Re-posted from: https://bkamins.github.io/julialang/2024/05/31/waw2024.html
Introduction
Next week I organize WAW2024 conference. The event covers various aspects of theoretical and applied modeling of networks.
As an introduction I want to run a simulation of an example problem. Consider a random graph with a probability of an edge between two nodes equal to p. Next, assume that we pick an edge uniformly at random from this graph and then remove two nodes forming this edge from the graph as matched. The question is what is the expected fraction of nodes that are going to be matched by this process.
Today, I will investigate this problem using simulation.
The post was written under Julia 1.10.1, Graphs.jl 1.11.0, and DataFrames.jl 1.6.1.
The simulation
Here is a simulator of our greedy matching process. In the simulation we traverse all edges of the graph in a random order.

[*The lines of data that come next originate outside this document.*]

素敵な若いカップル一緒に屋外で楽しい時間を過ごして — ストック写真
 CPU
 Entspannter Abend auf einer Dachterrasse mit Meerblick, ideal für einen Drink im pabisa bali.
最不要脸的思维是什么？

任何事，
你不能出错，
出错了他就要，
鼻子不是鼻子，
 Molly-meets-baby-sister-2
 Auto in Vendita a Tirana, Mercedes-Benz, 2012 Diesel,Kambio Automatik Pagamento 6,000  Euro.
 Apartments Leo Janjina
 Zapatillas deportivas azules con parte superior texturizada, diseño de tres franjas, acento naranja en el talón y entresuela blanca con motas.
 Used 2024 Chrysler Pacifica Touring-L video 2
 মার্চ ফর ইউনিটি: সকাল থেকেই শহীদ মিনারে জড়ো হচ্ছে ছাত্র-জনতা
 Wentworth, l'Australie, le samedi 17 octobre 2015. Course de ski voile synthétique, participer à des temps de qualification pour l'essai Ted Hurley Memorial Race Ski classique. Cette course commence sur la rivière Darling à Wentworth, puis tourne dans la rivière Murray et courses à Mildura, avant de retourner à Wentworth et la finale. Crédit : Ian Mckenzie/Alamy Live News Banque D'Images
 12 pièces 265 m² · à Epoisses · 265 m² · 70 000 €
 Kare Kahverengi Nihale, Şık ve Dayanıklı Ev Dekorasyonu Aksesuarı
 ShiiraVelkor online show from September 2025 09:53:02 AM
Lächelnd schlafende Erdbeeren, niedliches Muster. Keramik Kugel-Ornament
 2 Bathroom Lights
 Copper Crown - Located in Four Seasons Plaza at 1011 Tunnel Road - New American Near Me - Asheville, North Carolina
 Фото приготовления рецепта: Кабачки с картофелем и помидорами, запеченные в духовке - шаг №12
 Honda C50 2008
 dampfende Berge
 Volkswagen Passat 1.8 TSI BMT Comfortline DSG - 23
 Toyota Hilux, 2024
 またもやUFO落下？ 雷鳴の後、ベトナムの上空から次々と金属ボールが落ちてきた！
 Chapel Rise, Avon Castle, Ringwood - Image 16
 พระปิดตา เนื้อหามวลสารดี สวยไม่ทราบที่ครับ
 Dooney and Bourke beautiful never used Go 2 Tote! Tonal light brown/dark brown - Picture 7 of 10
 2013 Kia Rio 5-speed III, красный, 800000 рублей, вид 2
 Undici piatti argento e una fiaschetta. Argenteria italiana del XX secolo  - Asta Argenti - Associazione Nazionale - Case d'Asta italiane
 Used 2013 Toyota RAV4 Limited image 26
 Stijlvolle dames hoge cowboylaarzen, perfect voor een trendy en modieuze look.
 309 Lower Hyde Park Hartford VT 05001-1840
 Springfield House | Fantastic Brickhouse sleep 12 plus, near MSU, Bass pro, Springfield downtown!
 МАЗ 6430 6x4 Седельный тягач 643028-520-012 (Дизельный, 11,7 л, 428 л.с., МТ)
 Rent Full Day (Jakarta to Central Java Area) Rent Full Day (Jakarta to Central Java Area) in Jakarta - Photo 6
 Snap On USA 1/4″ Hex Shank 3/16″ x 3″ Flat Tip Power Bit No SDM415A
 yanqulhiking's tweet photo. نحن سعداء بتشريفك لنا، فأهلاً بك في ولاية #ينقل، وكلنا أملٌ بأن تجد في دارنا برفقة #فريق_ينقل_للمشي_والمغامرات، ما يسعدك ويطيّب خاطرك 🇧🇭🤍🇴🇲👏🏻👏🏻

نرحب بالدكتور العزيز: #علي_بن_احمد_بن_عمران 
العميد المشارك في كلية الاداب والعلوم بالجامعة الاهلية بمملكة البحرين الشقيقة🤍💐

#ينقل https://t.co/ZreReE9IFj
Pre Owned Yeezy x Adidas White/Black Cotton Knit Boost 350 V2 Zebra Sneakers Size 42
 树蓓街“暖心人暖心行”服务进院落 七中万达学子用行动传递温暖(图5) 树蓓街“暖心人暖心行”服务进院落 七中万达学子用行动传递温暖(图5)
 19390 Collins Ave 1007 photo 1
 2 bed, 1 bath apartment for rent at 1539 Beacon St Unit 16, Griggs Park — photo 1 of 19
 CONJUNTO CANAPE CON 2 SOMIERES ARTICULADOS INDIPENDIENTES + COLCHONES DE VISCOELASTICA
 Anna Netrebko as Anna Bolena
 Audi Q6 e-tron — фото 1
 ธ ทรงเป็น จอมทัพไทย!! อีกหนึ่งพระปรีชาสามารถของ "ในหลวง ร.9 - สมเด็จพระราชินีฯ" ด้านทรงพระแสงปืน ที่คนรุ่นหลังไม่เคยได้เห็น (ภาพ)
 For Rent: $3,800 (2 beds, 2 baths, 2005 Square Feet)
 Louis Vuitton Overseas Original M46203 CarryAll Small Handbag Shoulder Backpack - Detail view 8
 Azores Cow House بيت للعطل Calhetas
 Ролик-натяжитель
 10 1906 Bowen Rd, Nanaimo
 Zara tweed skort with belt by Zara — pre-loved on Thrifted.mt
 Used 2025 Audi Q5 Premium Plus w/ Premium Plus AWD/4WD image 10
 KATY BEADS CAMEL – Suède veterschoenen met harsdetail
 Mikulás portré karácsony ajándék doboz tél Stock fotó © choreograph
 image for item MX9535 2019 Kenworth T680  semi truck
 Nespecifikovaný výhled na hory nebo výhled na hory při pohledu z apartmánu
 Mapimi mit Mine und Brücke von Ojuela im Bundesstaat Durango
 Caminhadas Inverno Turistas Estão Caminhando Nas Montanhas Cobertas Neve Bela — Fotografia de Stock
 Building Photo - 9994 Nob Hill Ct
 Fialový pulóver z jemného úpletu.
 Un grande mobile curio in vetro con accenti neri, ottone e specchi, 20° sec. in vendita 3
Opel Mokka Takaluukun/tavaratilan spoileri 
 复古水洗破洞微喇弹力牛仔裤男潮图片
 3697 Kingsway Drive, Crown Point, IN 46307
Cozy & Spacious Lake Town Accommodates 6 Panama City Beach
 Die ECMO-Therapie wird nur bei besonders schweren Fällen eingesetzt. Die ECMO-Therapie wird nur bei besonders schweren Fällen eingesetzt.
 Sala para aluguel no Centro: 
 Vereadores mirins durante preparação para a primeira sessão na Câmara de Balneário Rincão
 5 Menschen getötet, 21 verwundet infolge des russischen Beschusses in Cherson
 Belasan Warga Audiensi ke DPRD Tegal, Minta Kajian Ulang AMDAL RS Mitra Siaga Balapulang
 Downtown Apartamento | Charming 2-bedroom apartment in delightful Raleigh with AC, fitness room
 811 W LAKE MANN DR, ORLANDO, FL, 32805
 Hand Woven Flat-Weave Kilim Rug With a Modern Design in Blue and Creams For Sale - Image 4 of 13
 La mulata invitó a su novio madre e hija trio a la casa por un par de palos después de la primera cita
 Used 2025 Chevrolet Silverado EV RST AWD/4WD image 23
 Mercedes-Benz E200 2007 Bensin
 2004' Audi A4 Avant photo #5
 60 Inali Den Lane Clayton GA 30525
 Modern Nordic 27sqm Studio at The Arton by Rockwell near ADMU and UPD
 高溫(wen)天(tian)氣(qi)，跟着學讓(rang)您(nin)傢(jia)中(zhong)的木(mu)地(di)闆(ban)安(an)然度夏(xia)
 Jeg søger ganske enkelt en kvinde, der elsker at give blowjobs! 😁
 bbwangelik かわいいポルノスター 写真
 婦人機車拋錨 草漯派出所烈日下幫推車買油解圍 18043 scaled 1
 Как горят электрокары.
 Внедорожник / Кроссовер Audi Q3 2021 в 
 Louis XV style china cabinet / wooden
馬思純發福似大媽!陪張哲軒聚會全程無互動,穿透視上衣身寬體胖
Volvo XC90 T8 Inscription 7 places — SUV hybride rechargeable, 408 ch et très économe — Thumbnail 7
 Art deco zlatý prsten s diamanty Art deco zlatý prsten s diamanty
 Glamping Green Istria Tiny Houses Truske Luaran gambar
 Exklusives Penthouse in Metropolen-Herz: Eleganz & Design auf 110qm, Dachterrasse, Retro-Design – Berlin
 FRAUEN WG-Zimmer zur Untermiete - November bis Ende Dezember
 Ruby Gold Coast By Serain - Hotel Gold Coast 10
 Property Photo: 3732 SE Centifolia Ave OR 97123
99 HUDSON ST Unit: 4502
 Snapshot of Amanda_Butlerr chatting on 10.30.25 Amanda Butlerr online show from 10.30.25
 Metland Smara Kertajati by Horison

In the matched vector we keep track of which nodes have been already matched.
using Graphs
using Random
using Statistics
function run_sim(n::Integer, p::Real)
g = erdos_renyi(n, p)
matched = fill(false, n)
for e in shuffle!(collect(edges(g)))
n1, n2 = e.src, e.dst
if !(matched[n1] || matched[n2])
matched[n1] = true
matched[n2] = true
end
end
return mean(matched)
end
The experiment
Let us now test our simulator for a graph on 10000 nodes and p varying from 0.00001 to 0.1 (on logarithmic scale).
julia> using DataFrames
julia> df = DataFrame(p=Float64[], rep=Int[], res=Float64[])
0×3 DataFrame
Row │ p rep res
│ Float64 Int64 Float64
─────┴─────────────────────────
julia> ps = [10.0^i for i in -5:-1]
5-element Vector{Float64}:
1.0e-5
0.0001
0.001
0.010000000000000002
0.1
julia> Random.seed!(1234);
julia> @time for p in ps, rep in 1:16
push!(df, (p, rep, run_sim(10_000, p)))
end
79.190585 seconds (438.02 M allocations: 14.196 GiB, 7.13% gc time, 0.36% compilation time)
julia> df
80×3 DataFrame
Row │ p rep res
│ Float64 Int64 Float64
─────┼─────────────────────────
1 │ 1.0e-5 1 0.0948
2 │ 1.0e-5 2 0.094
3 │ 1.0e-5 3 0.097
4 │ 1.0e-5 4 0.0892
5 │ 1.0e-5 5 0.0848
6 │ 1.0e-5 6 0.093
⋮ │ ⋮ ⋮ ⋮
76 │ 0.1 12 0.9992
77 │ 0.1 13 0.999
78 │ 0.1 14 0.999
79 │ 0.1 15 0.999
80 │ 0.1 16 0.9988
69 rows omitted
The simulation took a bit over 1 minute, mainly due to the p=0.1 case which generates a lot of edges in the graph.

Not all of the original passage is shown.